This is useful to test in an oracle maner the performance of our methods.
Length $N$ of the signal.
N = 1024
We load a clean signal $x_0 \in \RR^N$.
name = 'piece-regular'
x0 = rescale(load_signal(name, N))
Variance of the noise.
sigma = .04
We add some noise to it to obtain the noisy signal $y = x_0 + w$. Here $w$ is a realization of a Gaussian white noise of variance $\si^2$.
y = x0 + sigma*randn(size(x0))
Display the clean and the noisy signals.
subplot(2, 1, 1)
plot(x0); axis([1 N -.05 1.05])
subplot(2, 1, 2)
plot(y); axis([1 N -.05 1.05])
We consider a noising estimator $x \in \RR^N$ of $x_0$ that only depends on the observation $y$. Mathematically speaking, it is thus a random vector that depends on the noise $w$.

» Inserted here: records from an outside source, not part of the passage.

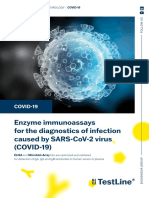 Enzyme Immunoassays For The Diagnostics of Infection Caused by Sars-Cov-2 Virus (Covid-19)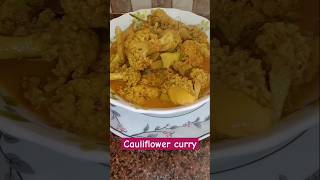 Cauliflower curry recipe foodlover ytshort trending foodrecipe foodie viralshort [upl. by Pleione37]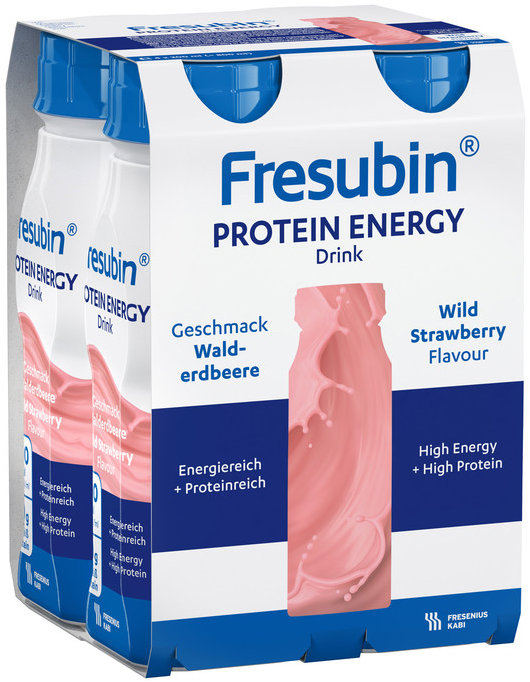 Fresubin Protein Energy Drink lesní jahoda 4 × 200 ml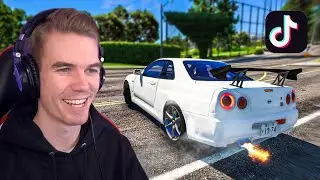 Recreating VIRAL GTA 5 STUNTS On Tik Tok! #38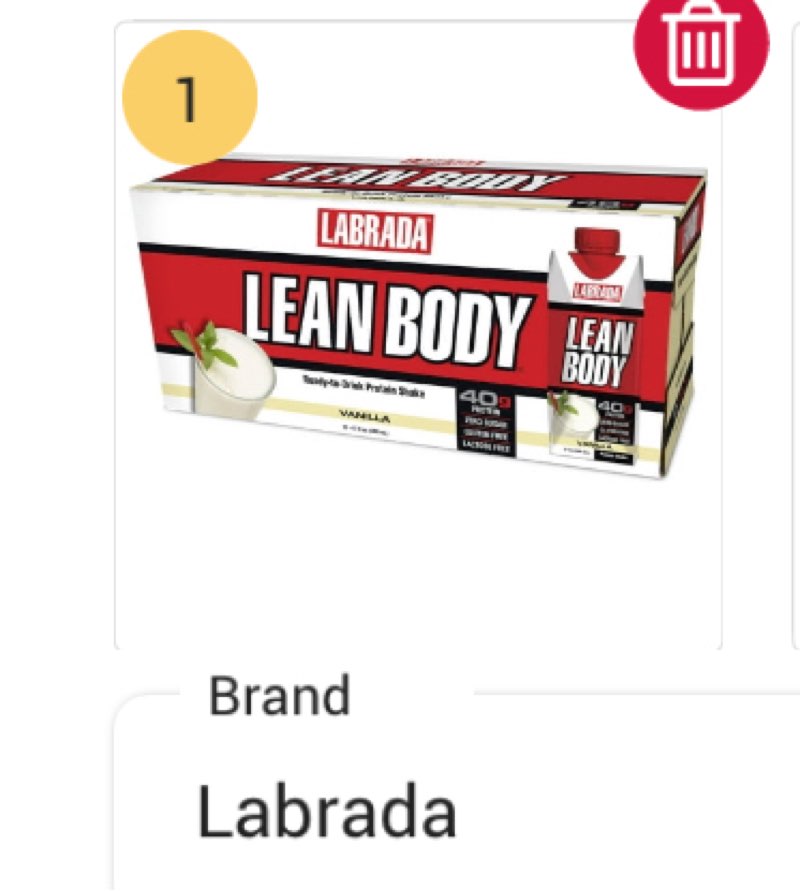 Labrada Lean Body Ready to Drink Protein Shakes  Vanilla  40g Protein  17 Fl Oz  12 Ct (BB:Jan 28/26)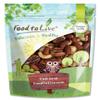 Food to Live Deluxe Unsalted Nuts Mix, 8 Ounces  A Blend of Dry Roasted Pecans, Cashews, Hazelnuts, Almonds, Brazil Nuts. Oven Roasted, Vegan, Kosher, Bulk. Wholesome Snack. Full of Protein, Fiber view 1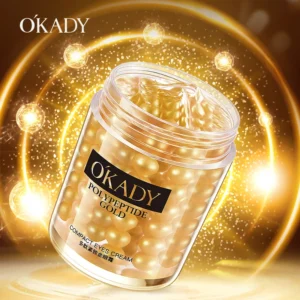 OKADY™ Golden Multi-Peptide Eye Cream – Firming, Lifting & Nourishing (60g)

A translation invariant linear denoising is necessarely a convolution with a kernel $h$ $$ x = x_0 \star h $$ where the periodic convolution between two vector is defined as $$ (a \star b)_i = \sum_j a(j) b(i-j). $$
It can be computed over the Fourier domain as $$ \forall \om, \quad \hat x(\om) = \hat x_0(\om) \hat h(\om). $$
cconv = lambda a, b: real(ifft(fft(a).*fft(b)))
We use here a Gaussian fitler $h$ parameterized by the bandwith $\mu$.
normalize = lambda h: h/ sum(h(: ))
t = [0: N/ 2-1, -N/ 2: -1]'
h = lambda mu: normalize(exp(-(t.^2)/ (2*mu^2)))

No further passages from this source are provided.